# Records for the task

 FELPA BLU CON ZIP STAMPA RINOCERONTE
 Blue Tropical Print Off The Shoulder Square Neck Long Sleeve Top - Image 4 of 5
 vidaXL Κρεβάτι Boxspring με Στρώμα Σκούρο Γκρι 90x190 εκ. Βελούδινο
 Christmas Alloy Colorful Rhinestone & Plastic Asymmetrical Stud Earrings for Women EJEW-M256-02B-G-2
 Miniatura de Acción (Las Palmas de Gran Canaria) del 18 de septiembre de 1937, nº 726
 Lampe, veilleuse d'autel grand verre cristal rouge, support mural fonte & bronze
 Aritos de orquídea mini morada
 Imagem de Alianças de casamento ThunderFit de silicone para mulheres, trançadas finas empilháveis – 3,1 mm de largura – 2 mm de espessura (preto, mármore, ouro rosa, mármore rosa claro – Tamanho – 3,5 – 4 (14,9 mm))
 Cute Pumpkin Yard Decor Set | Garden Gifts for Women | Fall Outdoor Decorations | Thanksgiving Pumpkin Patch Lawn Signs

...

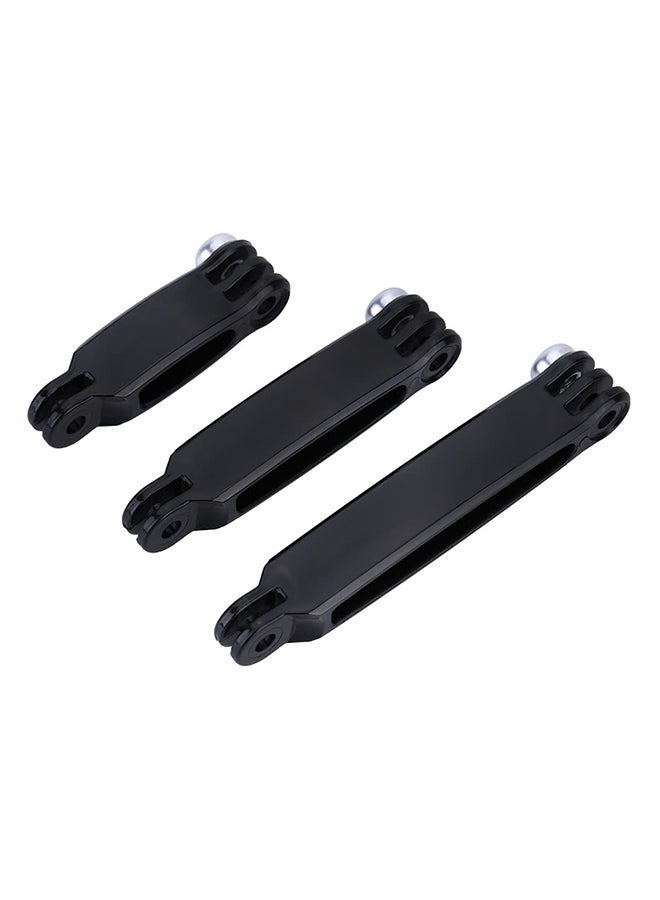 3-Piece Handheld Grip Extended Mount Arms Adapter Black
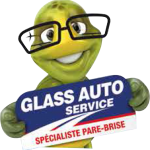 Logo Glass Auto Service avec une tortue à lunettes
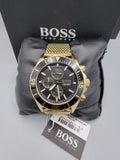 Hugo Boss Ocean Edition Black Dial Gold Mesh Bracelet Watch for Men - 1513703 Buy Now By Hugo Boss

* * *

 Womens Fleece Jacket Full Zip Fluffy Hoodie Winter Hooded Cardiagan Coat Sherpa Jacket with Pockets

# What to produce
Set down, unchanged, only those lines above that fall between the line with "Aritos de orquídea mini morada" and the line with "Cute Pumpkin Yard", the two end lines included.

# Your response
 Aritos de orquídea mini morada
 Imagem de Alianças de casamento ThunderFit de silicone para mulheres, trançadas finas empilháveis – 3,1 mm de largura – 2 mm de espessura (preto, mármore, ouro rosa, mármore rosa claro – Tamanho – 3,5 – 4 (14,9 mm))
 Cute Pumpkin Yard Decor Set | Garden Gifts for Women | Fall Outdoor Decorations | Thanksgiving Pumpkin Patch Lawn Signs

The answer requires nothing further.